Here's my attempt at bringing to life the “Technical Debt” analogy with a simple comparison to the manufacturing industry. This was written at The Economist, to help non-technical folks understand why refactoring code is so important, especially when doing agile. Repeatedly prioritising short-term wins, without stopping to consider a codebase's architecture, results in an unmaintainable system.

Legacy Motors

The manufacturing of cars at Legacy Motors (LM) was all done by a team of talented engineers and designers, who hand-made each vehicle to an exact customer specification. All was well, until one day, the shareholders, wanting to expand business, came up with a plan to increase sales: they decided to invest in an assembly line. By getting the team to build machines that build cars, instead of having the engineers build the cars themselves, they could greatly increase their CPM (Cars Per Month) and vastly expand business.

Robot car

So the engineers set about building the assembly line robots. They struggled a bit, as they were automotive engineers, not robot engineers, but they muddled through and managed to get a working assembly line going. There was much celebration as the first cars finally rolled off the line, and the project was declared a success. CPM doubled within the first month, and the shareholders of Legacy Motors were thrilled.

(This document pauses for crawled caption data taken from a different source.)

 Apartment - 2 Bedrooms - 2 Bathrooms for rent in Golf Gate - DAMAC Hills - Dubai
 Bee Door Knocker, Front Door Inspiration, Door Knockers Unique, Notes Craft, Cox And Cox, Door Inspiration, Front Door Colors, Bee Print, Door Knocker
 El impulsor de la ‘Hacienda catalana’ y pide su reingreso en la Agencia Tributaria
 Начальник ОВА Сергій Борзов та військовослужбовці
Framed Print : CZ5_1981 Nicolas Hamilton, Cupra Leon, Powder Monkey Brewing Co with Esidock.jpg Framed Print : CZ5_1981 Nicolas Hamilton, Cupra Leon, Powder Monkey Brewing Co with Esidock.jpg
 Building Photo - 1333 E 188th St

As the customers started using their cars, they started asking for new features and modifications. The managers listened diligently to the customer's requirements, then went to the engineers and designers with the high priority plans:

“Our customers want to be able to choose from 3 different wheel sizes on their cars”

And of course, the shareholders wanted to double the CPM to increase revenue even more. The engineers, excited by the possibilities of the new assembly line, were thrilled with the prospect of improving their robots to handle the new requirements. However, there was the small problem of time. The shareholders had promised to deliver double the number of cars by next month, and all of them should have a choice of three wheel sizes.

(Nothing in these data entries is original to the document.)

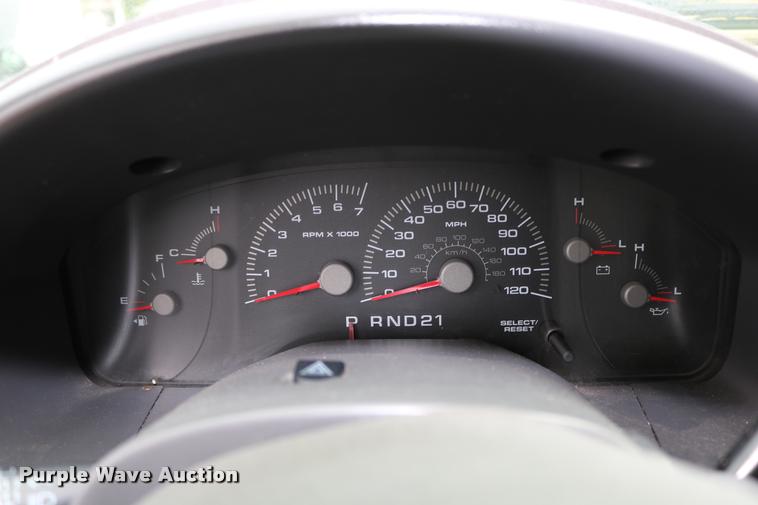 image for item DD0206 2004 Ford Expedition SUV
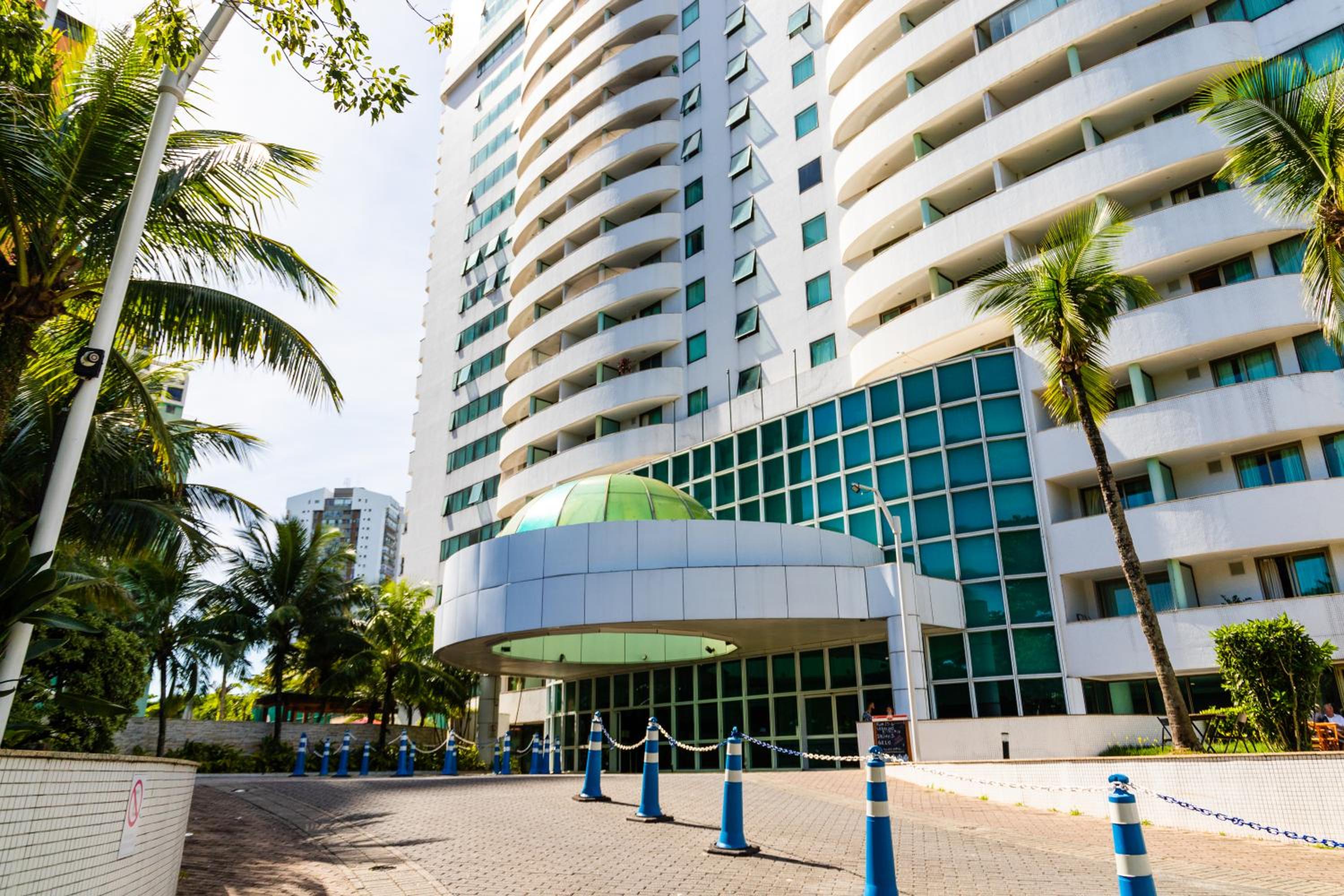 Barra balcony flat - Pool, gym, parking space and beach!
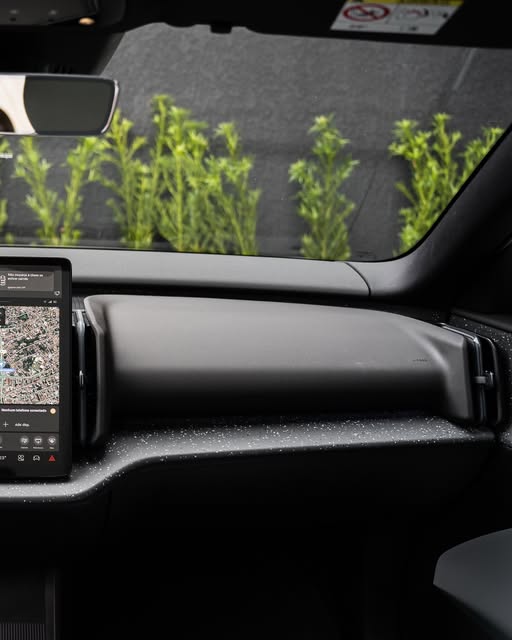 VOLVO EX30 - Imagem 6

The engineers, never scared of a difficult problem, came up with a solution that could achieve the shareholder goals. The original robot was only designed to attach one type of wheel. To rebuild it would take much more than the 1 month that they had for the job. So instead, they built a second robot, further down the assembly line, that would unscrew the original set of wheels, and replace them with one of the two other custom wheel sizes, if that's what the customer's order specified.

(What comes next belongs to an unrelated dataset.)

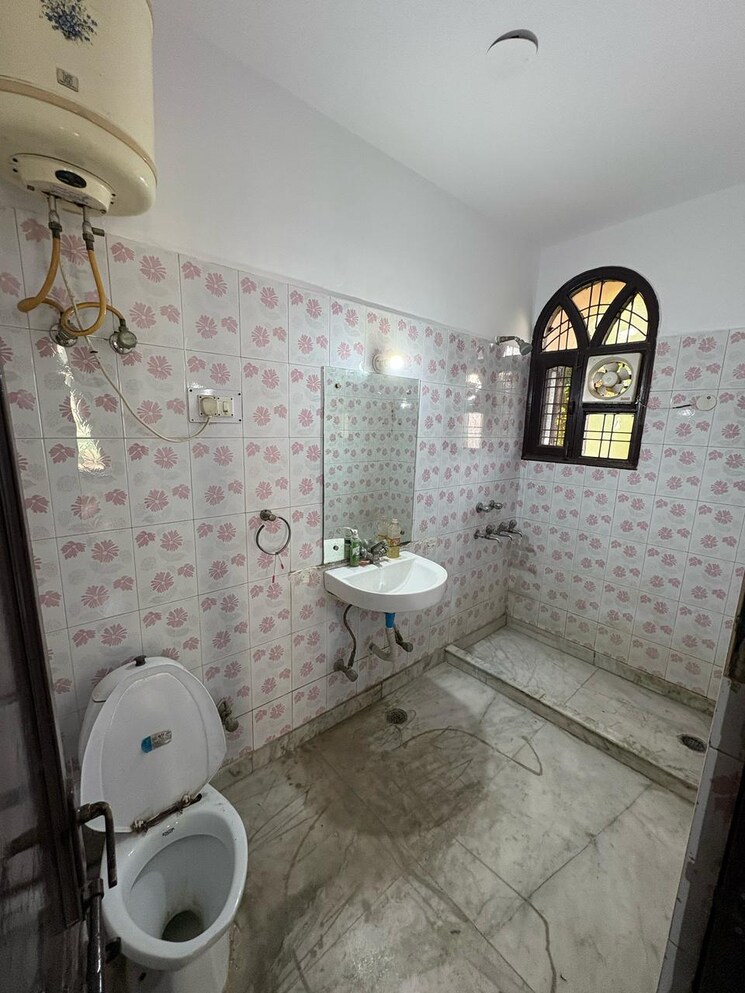 Master Bedroom, sector 40 2 Bedroom 190 Sq.Yd. Builder Floor In Sector 40 Gurgaon 8671067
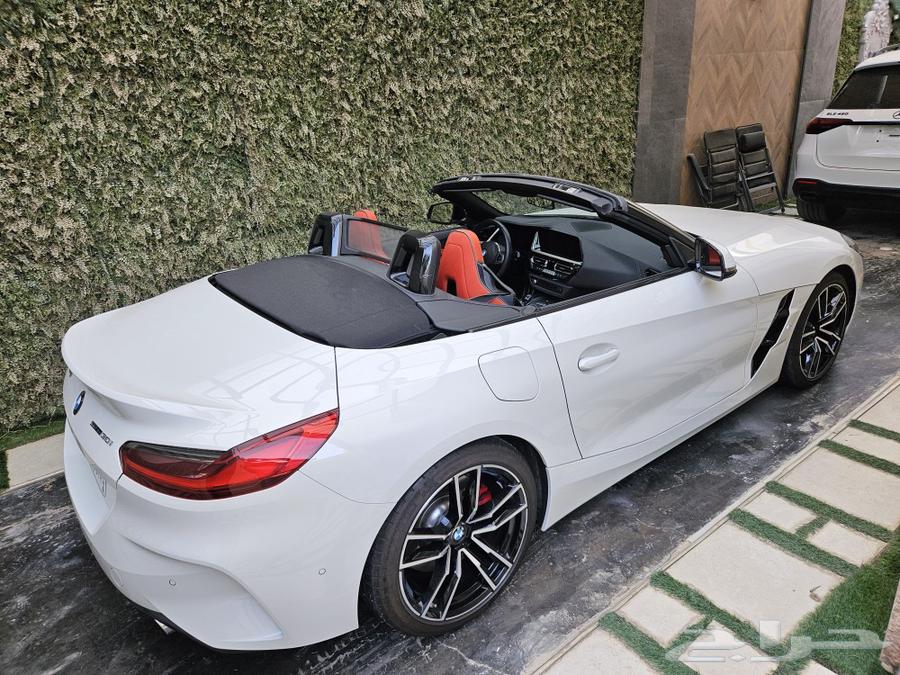 BMW Z4 2023 with warranty and maintenance63138764903810111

In order to double the CPM, they cranked up the speed of the conveyor belt that moves the cars from robot to robot. What they found, however, was that the original robots were not designed to handle this pace. The engineers calculated that to adjust all the robots to the new pace would take at least 2 months, so instead, they designed another, new robot at the end of the assembly line.

This new robot was specifically designed to find and fix manufacturing defects created by the other robots when the line was running at double speed. It worked. Well, most of the time. What they found was that it wasn't perfect. It required dedicated engineers to watch it carefully, all the time, and manually fix any problems that the new robot didn't find, as the mistakes made by the first robots were unpredictable, at best.

Car Robot Production

Over time, the assembly line grew bigger and bigger. But there was never enough time allocated by the shareholders to rebuild the original robots, that were way past their recommended lifetimes. There was, however, always time to build a new robot. There were robots doing all sorts of tasks, such as undoing other robot's work, fixing problems created by robots, and adding or changing components to the cars, sometimes multiple times.

More time passed, and the engineers found that they couldn't react quickly anymore to the shareholders requests. They also found that there were more and more cars with defects going out to customers, because there were too many robots to maintain. All the engineers were working around the clock just trying to keep the line going, as old robots would frequently malfunction, so they no longer had time to even build new robots.

The electricity and robot oil bills were through the roof, as each robot required power and lubrication to run. The old ones were especially inefficient, as they required a type of oil that was no longer commonly used and thus very expensive.

Car Crash

Progress at LM had completely stalled while competitors in far away countries were turning out new, innovative cars all the time. The engineers found that they couldn't replace the old robots even if they wanted to, because replacing an old one required replacing every single robot on the assembly line that was designed to react to and fix the first one's mistakes. They all depended on each other, and the system was far too complicated to maintain.

Software development works in a similar manner. It's always possible to make a quick, hackish fix in less time than re-purposing a system to elegantly handle the new requirements. However, doing this causes the long-term maintainability of the product to dwindle. Eventually, even quick hacks become impossible as the complexity of the system makes it unbearably difficult to change.

In business, there is always a tradeoff, and responding to the market often requires immediate action in order to stay competitive. The trick is to do this sparingly, and always dedicate time and resources to proper software development.